Curro Díaz inicia ahora un camino en el que, estoy seguro, el primero que le desea el mayor de los éxitos es Ignacio González. Éxito que, de venir, lo celebrarán juntos estos dos resistentes de buena raza. Lo de Ignacio González y Curro Díaz no ha sido una ruptura sino una “suspensión de la convivencia”, que es como se definen por lo visto las separaciones en las familias reales. Ignacio es un tipo medido y bondadoso donde los haya. Lo que se dice un hombre sin aristas ni estridencias que respira bonhomía por todos los poros de su cuerpo. Y Curro es un torero tocado por la gracia del arte, de carácter recio, firme e incapaz de hacerle una mala faena ni al toro más marrajo que pensarse pueda.
González y Curro son dos nombres que han navegado juntos durante muchos años por el proceloso mar del toreo. Nadie ha creído más en el de Linares que el hijo de aquel Manolo González de mi juventud, que demostró que se podía ser un torero de corte artístico puramente sevillano y tener más cojones que el caballo del Espartero.
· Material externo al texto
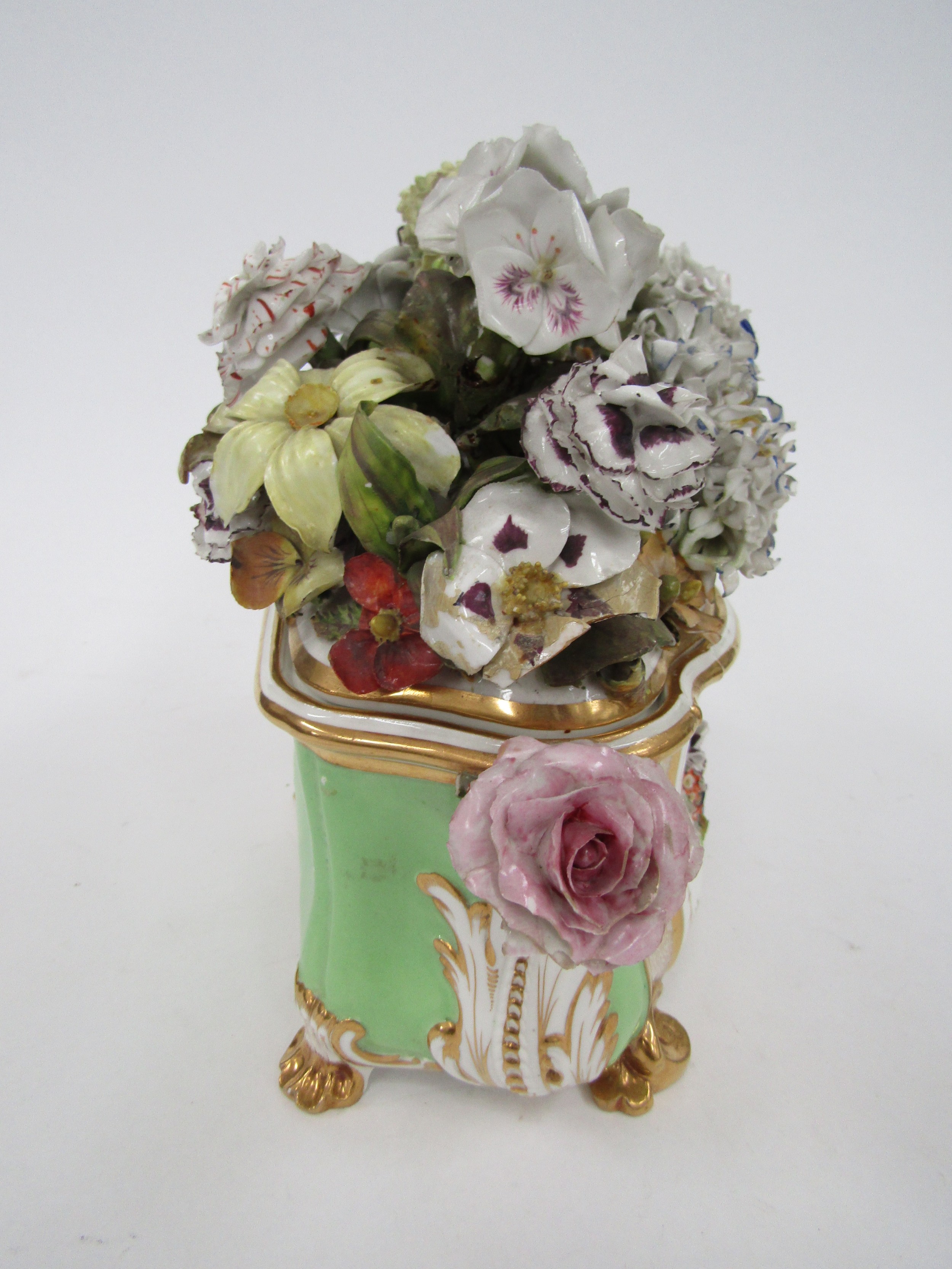 A Derby green ground flower encrusted bough pot and cover, some damage, 25 cm wide, 22cm tall - Image 5 of 9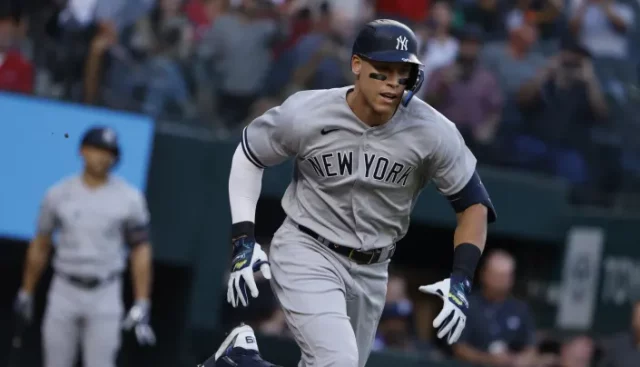 Judge Aaron Judge conectó su histórico jonrón 62 y rompe récord de Roger Maris.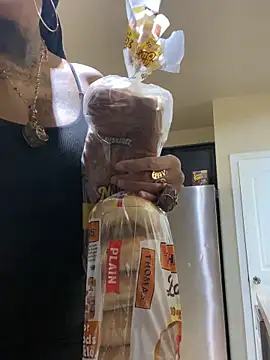 Snapshot of MzParker chatting on 11, 2, 2026 MzParker online show from 11, 2, 2026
Ahora, el sistema le ha dado la puntilla a la relación apoderado-torero. Pero no solo en este caso sino en general, pues hoy por hoy, entronizado el empresario-ganadero-apoderado, ya no queda ni un resquicio para el romanticismo en el toreo. Ese toque romántico de la tauromaquia que inspiró a García Lorca, Alberti, Villalón (el ganadero-poeta que soñaba con toros con los ojos verdes) y a tantos otros, ya no es posible en la razón rabiosamente comercial en que se ha convertido el negocio de los toros.
Curro Díaz inicia ahora un camino en el que, estoy seguro, el primero que le desea el mayor de los éxitos es Ignacio González. Éxito que, de venir, lo celebrarán juntos estos dos resistentes de buena raza. No me cabe duda alguna.